Whether he almost happened to everyone already, but something prevented him. Nothing with Cancer is clear. Definitely judge that Cancer in love, you can, for example, in the registry office, when he says “yes”. Here the probability is quite high. Although the hell it, Cancer, will make out.
Well, with this simple. A lion in love will behave so that your girlfriends burst with envy. And parents – from affection: oh, our girl was presented with a pony, beads and Lamborghini diablo. The love of Leo passes under the continuous pacifying rustling of bills. Tremble jackals, the king of beasts is spawning.

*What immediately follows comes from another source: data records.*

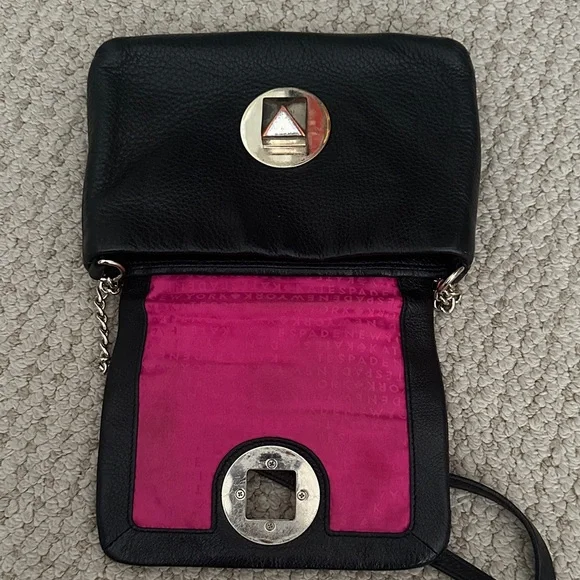 Kate Spade Black Quilted Crossbody Bag - Picture 4 of 4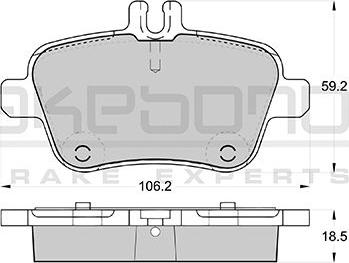 Akebono AN-4791K - Komplet Pločica, disk-kočnica www.molydon.hr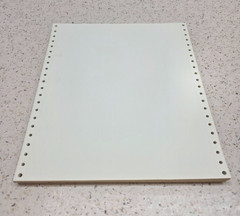 9.5×11 Computer Paper 200 Continuous Sheets for Dot Matrix Printer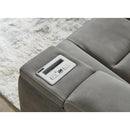  Manufacturer Color_Slate  -- Next-Gen DuraPella 2200413 Power Recliner with Adjustable Headrest IMAGE 9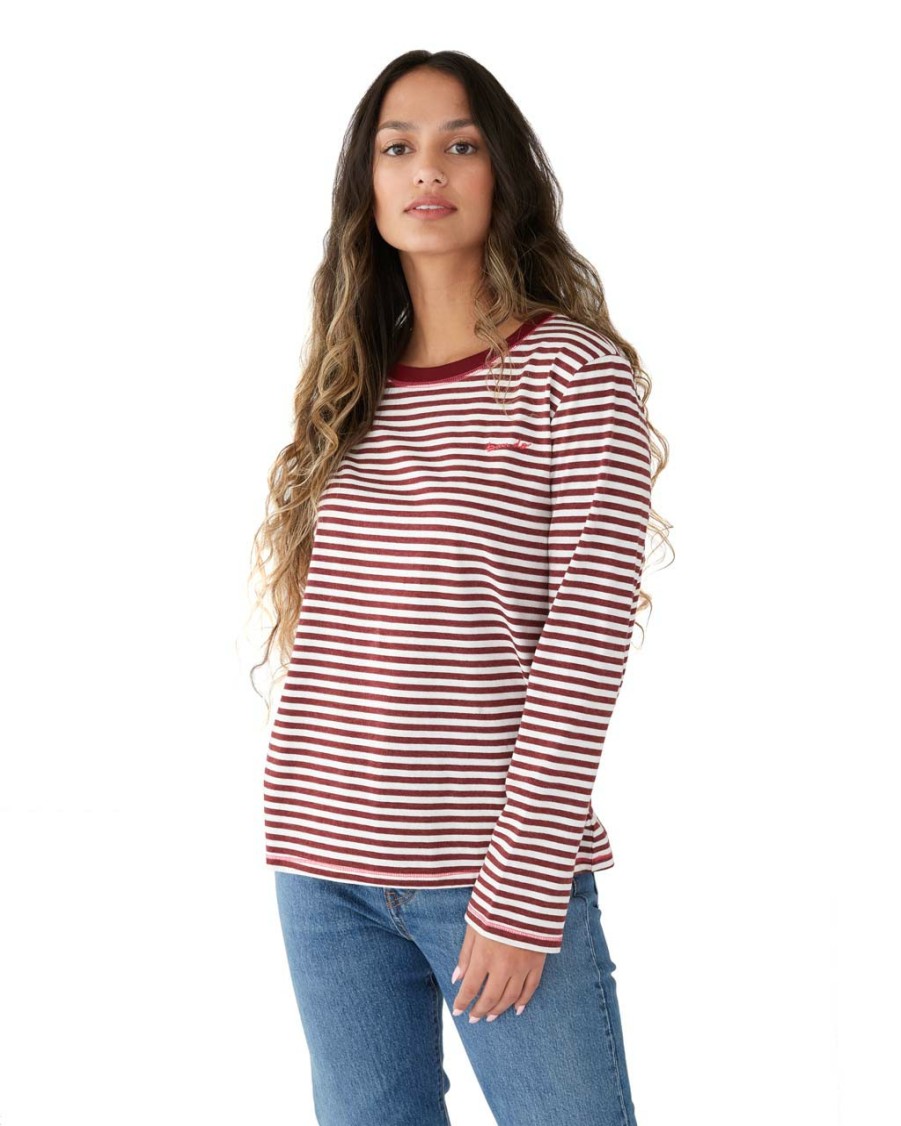 Clothing ban.do | Dahlia Stripe Long Sleeve Boxy Tee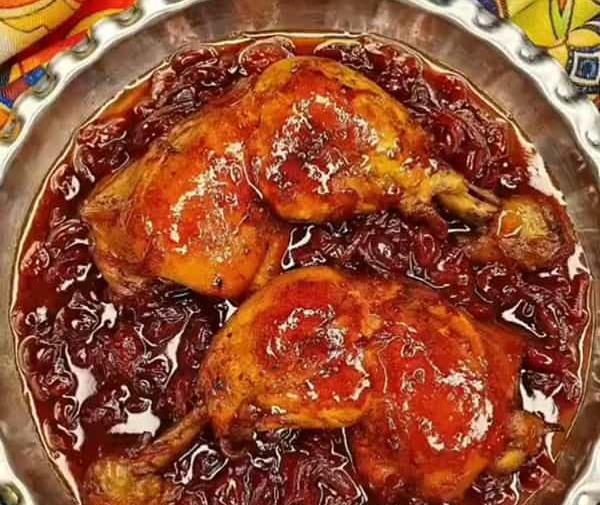 عکس غذا مرغ ترش
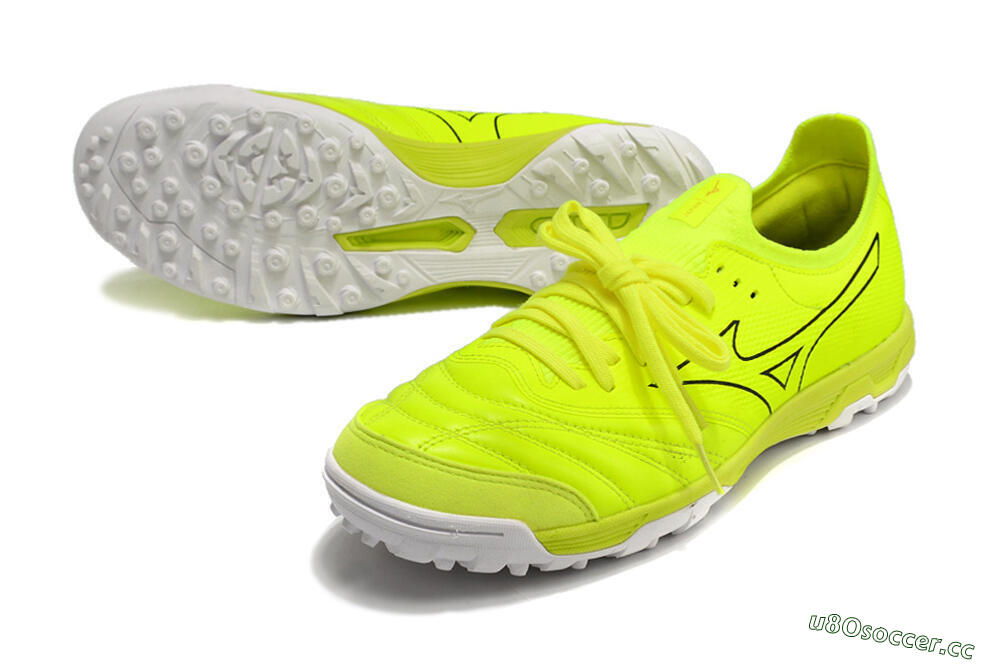 Men's Mizuno Morelia Neo Sala β Japan TF Artificial Turf Low-Tops Football Shoes - Green/Black 3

Virgo in love is such an archetypal lover that he stands under a lantern with a pack of cigarettes all night, shivering in the icy wind, to see at least once how your thin silhouette flashes behind a light curtain. In this case, Virgo quite rationally calculates the coefficient of their behavior – is the silhouette thin enough? Is the curtain light? not observed on the coveted balcony mess and old non-s**y boxes from the refrigerator? If all the answers of Virgo are satisfied, he will go straight to surrender without all these ambiguous: “what are you doing tomorrow evening?”.

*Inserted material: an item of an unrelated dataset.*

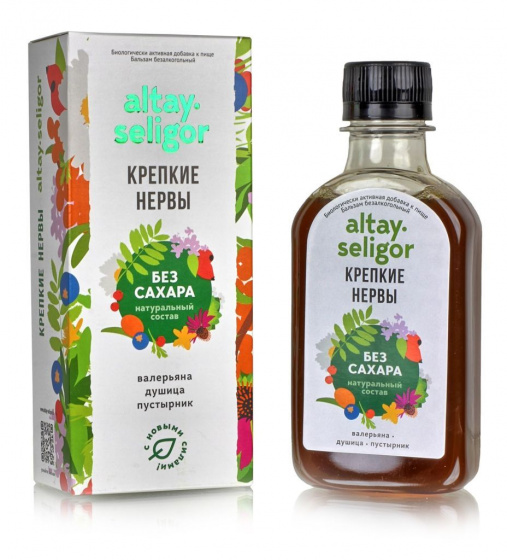 Бальзам без сахара "Крепкие нервы" 200мл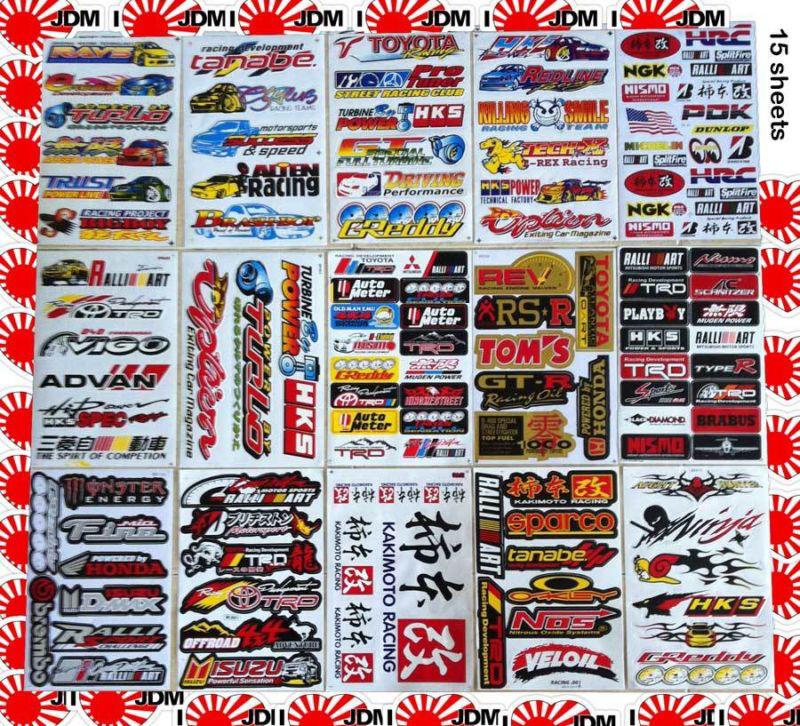15  x sheets japan domestic market  j-d-m style stickers  #jd156r2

Lovers of Libra begin to actively vtyuhivat yourself in the best traditions of marketing. He does not say: “buy goods”. He says: “This is the best product, he won this beautiful tennis cup, rained a canoe on the tributaries of the Missouri and gave a fortune to charity, which is a good product.” At the same time, in the best, again, traditions of exposure to Central Asia, it will ensure that your glass is not empty. And when you soften, take you lukewarm. You, in fact, do not even have time to think: “Is he in love?”. You are already erasing his T-shirt with the words: “Champion of all 2010”.

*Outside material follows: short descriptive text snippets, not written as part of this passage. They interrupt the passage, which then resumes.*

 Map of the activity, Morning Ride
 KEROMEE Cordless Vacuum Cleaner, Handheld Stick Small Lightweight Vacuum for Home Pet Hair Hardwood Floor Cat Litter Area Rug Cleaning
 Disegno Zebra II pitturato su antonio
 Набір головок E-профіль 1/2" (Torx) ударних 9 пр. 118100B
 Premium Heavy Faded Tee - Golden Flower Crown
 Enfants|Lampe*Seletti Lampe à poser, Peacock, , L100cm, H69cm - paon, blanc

Scorpio in love is watching. Or rather, no. Sorry, there will be a capslok now: Scorpio in Love LOOKS. And in the eyes of his drama, grief, regret for the unfulfilled, the dream of love, the shadow of sadness, a raid of reverie, your reflection and the inevitability of the transition to a horizontal position. Scorpio in love does not like to chat.
Scorpio in love seeks to be in his territory as soon as possible in order to make a crushing impression on the victim. And the territory of Scorpio, as all the kids know, is s**.
Sagittarius will not spin the intrigue and from the threshold say: “Marry me, damn pull.” In the meantime, you gasp for air, buy rings, order a restaurant, go to your parents, kiss your mom’s hand, please your dad, and you have a lot of long explanations why you don’t want to marry such a wonderful guy. Well, if you suddenly for some reason do not want. Although it does not matter. Sagittarius lovers do not understand the word “no”, and its refusal will only inflame it. Sagittarius in love can be linked and sent to Paris to the Chamber of Weights and Measures with the signature: “Azart”. And you can pull the plug and go to Paris together. Because he still will not get off.